Cómo se traduce “consultar algo ( antes de tomar una decisión ) con alguien ?
El diccionario WR dice “ um Raten fragen”.
El traductor  Online dice por ejemplo : ich muss es mich mit meinem Chef beraten.

No estoy muy seguro de lo que es correcto y de lo que realmente se usa en el alemán hablado.

En contexto: Me gustaría comprar un auto de segunda mano pero yo no conozco nada de autos así que debo consultar con mi hermano el mecánico primero antes de tomar una decisión.....cosas así por el estilo.

Muchas gracias


----------



## Uncle BBB

Ich muss zuerst meinen Bruder fragen.
Oder: Ich muss mich zuerst mit meinem Bruder beraten.


----------



## Alemanita

Oceanboy said:


> El diccionario WR dice “ um Raten fragen”

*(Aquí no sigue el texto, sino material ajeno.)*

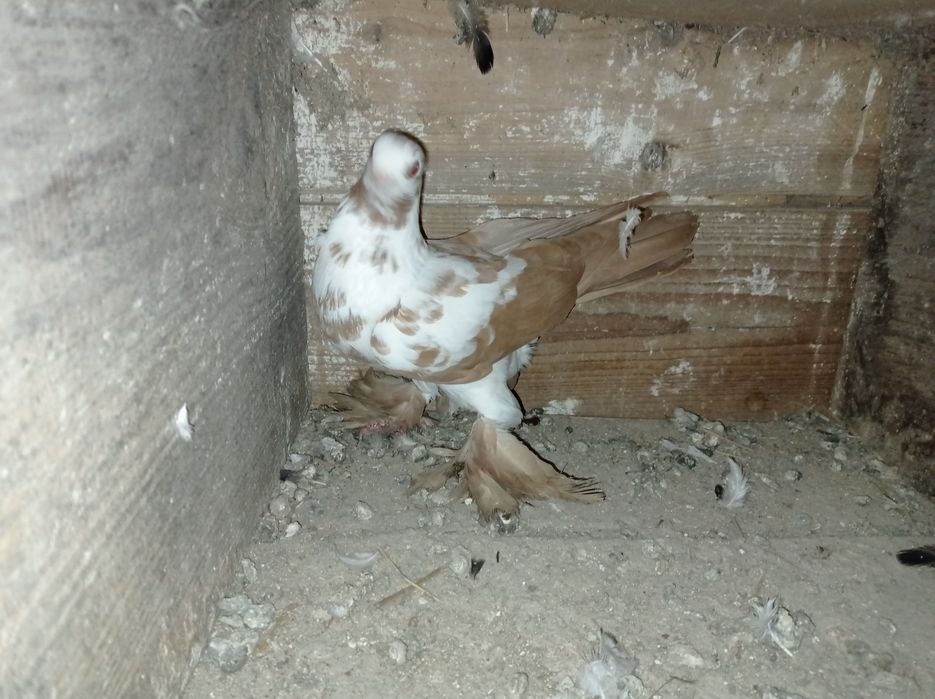 Widyn żółty widyny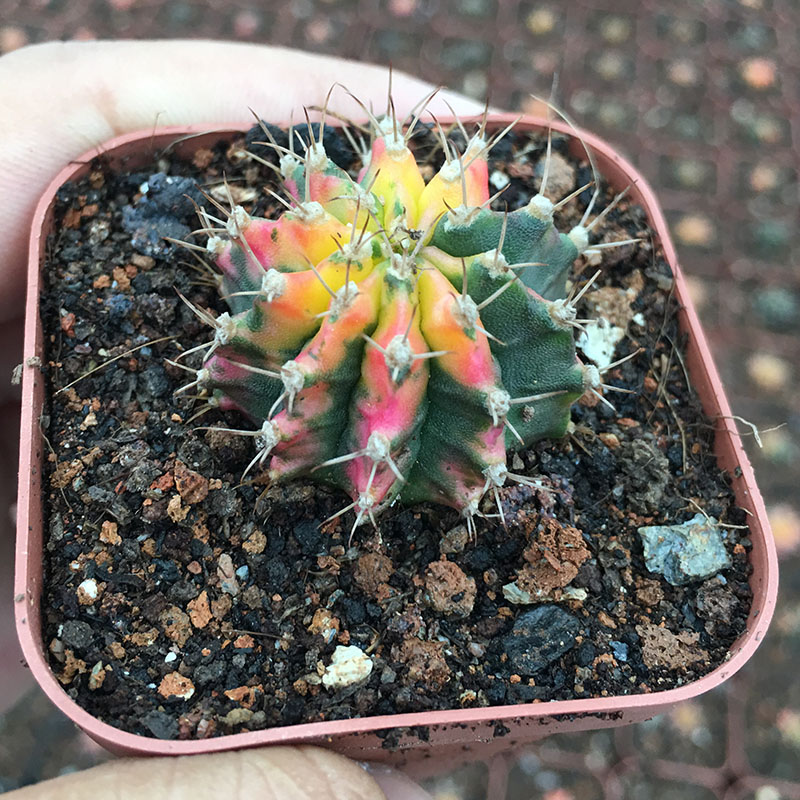 Rare cactus mini multicolored red peony with bright colors and low-cost radiation-proof potted flowers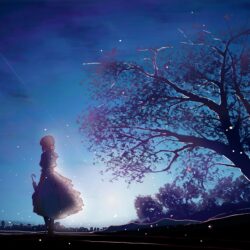 Violet Evergarden 4k, HD Anime, 4k Wallpapers, Image, Backgrounds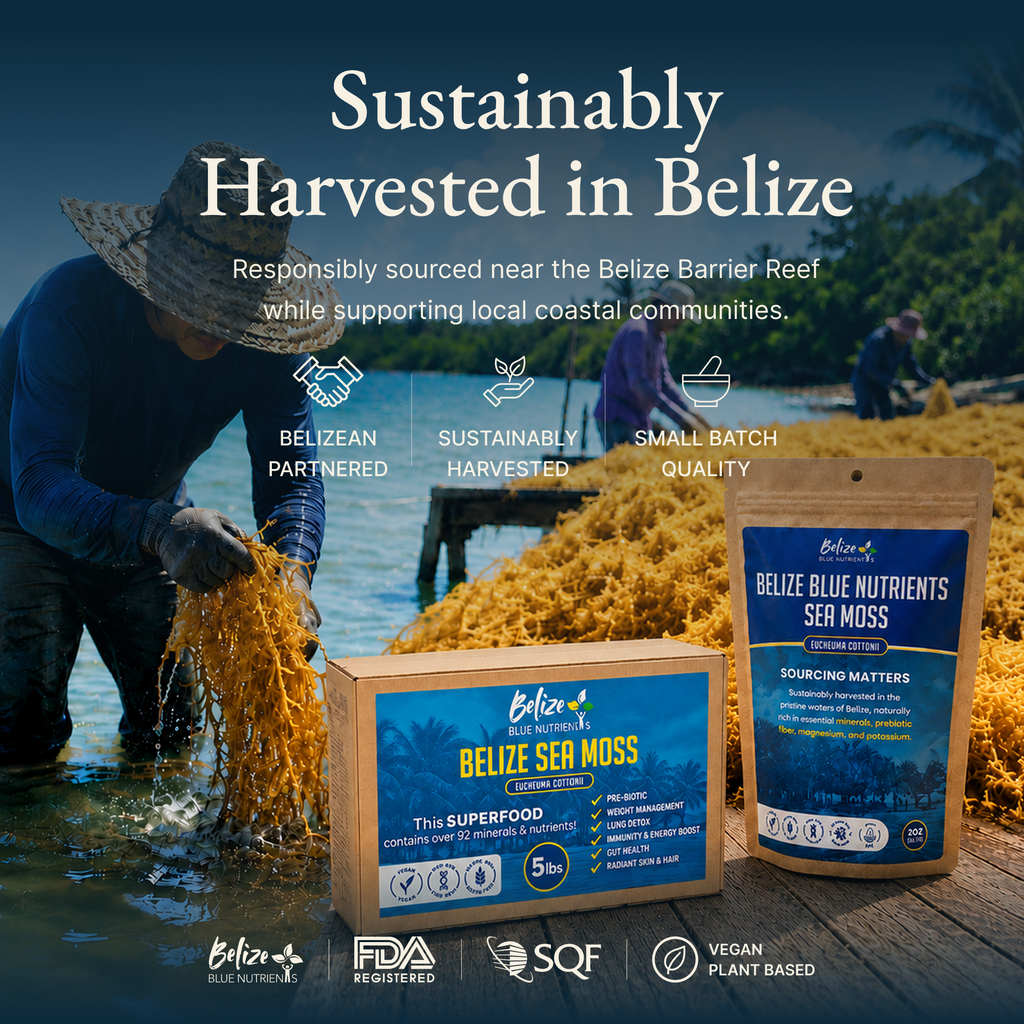 Belize Gold Sea Moss - Raw Dried (Eucheuma Cottonii)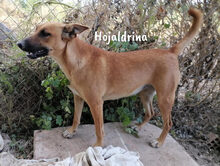 HOJALDRINA, Hund, Podenco-Malinois-Mix in Spanien - Bild 5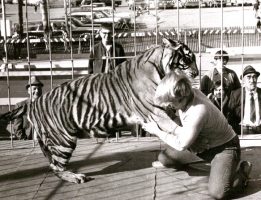 Bob and the tiger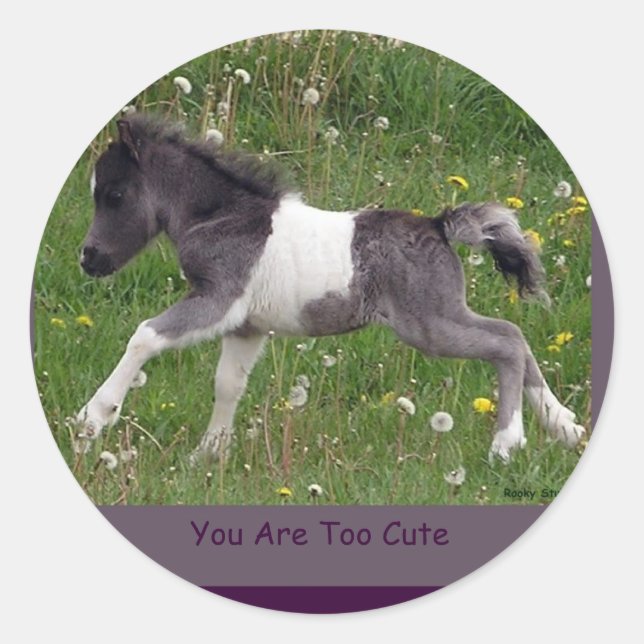 Stickers Mini Cheval Pinto Baby (Devant)
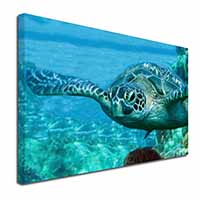 Turtle by Coral Canvas X-Large 30"x20" Wall Art Print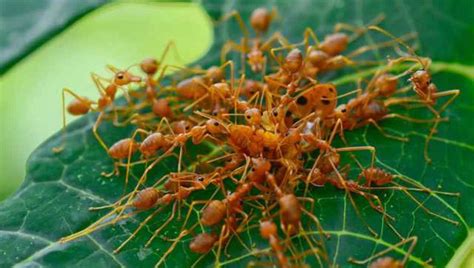 红蚂蚁给蚁后进谗，蚁后命令上亿蚂蚁攻打黑蚂蚁，像极红地毯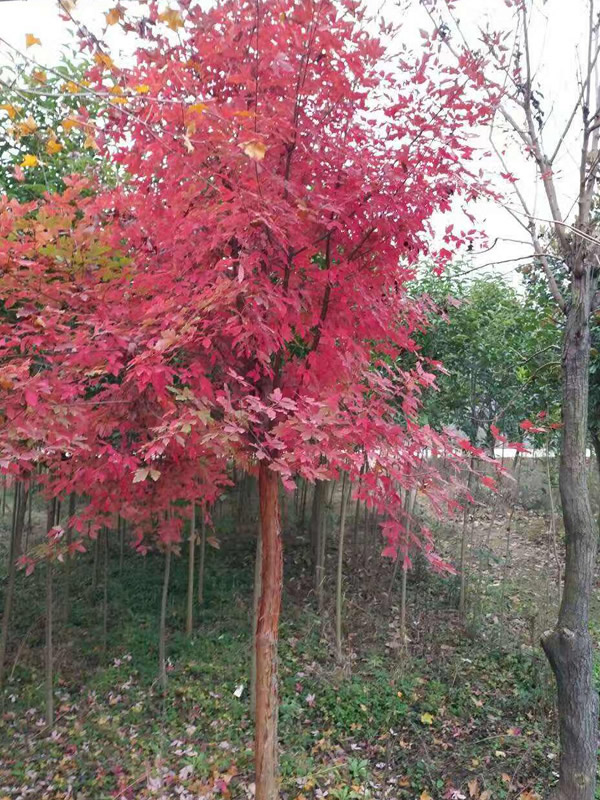 血皮槭是国家几级树？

Ojo que la expresión es "um Rat fragen". Pedir consejo.
die Rate, die Raten sería la cuota, las cuotas.


----------



## anahiseri

o también
ich muss es mit meinem Bruder beraten / ich muss das mit dem Auto mit meinem Bruder beraten / i


----------



## Alemanita

anahiseri said:


> o también
> ich muss es mit meinem Bruder beraten / ich muss das mit dem Auto mit meinem Bruder beraten / i




Siento discrepar, Anahiseri:

Cuando tienes que consultarlo con alguien, se dice 'sich beraten'.

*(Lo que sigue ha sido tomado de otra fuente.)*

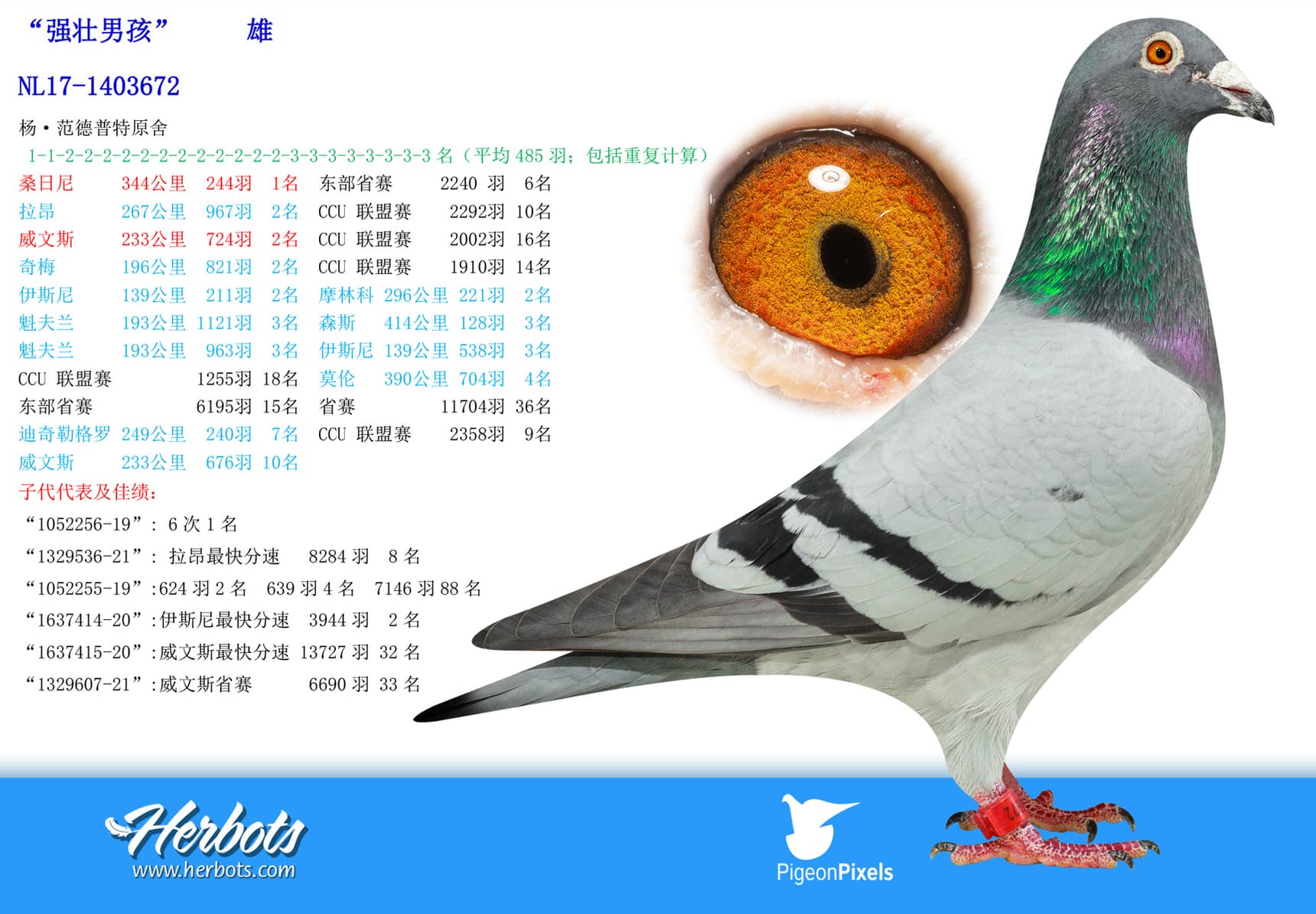 pigeon: undefined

En tu frase sería: Ich muss mich mit meinem Bruder beraten. (Tal como ya lo dijo BBB)

Jemanden beraten: darle consejos a alguien.

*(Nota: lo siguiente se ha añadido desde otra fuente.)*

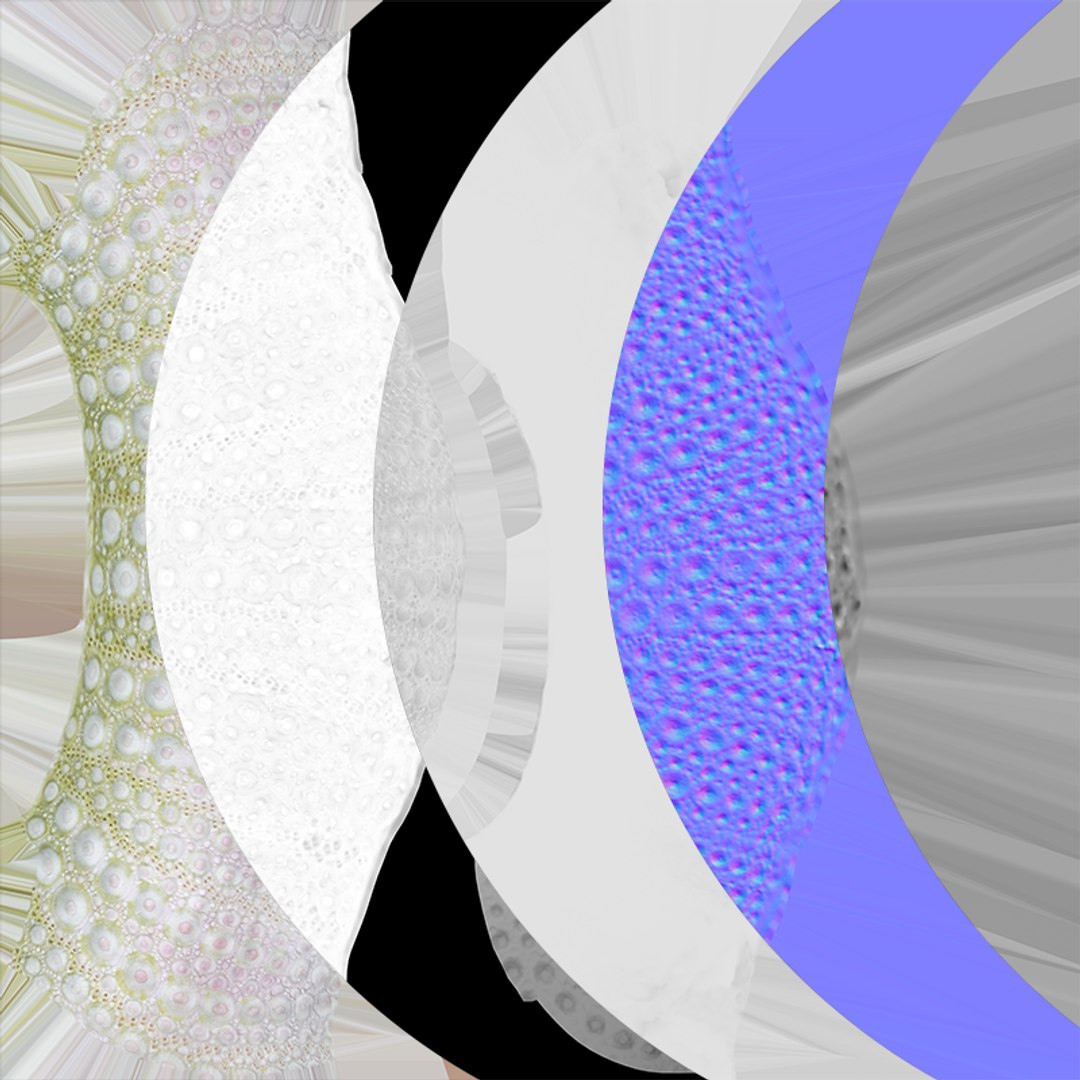 Sea Urchin 01 3D model https://p.turbosquid.com/ts-thumb/gB/Yds8UN/aM/seaurchin01_c0005/png/1762002725/1920x1080/fit_q87/3b421e37aaa432c8c7700a13473461d6cb2fa86c/seaurchin01_c0005.jpg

Sich mit jemandem beraten: consultar con alguien.

En todo caso sería: Ich muss das mit dem Auto mit meinem Bruder besprechen.

Fijate en Duden.

Saludos


----------



## Tonerl

Noch ein Vorschlag :

Ich würde mir gerne ein gebrauchtes Auto kaufen, aber da ich nichts von Autos verstehe, muss ich das zuerst mit meinem Bruder - dem Mechaniker - besprechen,  bevor ich eine Entscheidung treffe.


----------



## anahiseri

tienes razón, *Alemanita, *lo he consultado y hay que usarlo como verbo reflexivo, la construcción que yo propongo se puede emplear con besprechen, como dice *Tonerl*


----------



## Oceanboy

Muchas gracias Uncle BBB, Alemanita, Anahiseri y Tonerl por sus respuestas!


----------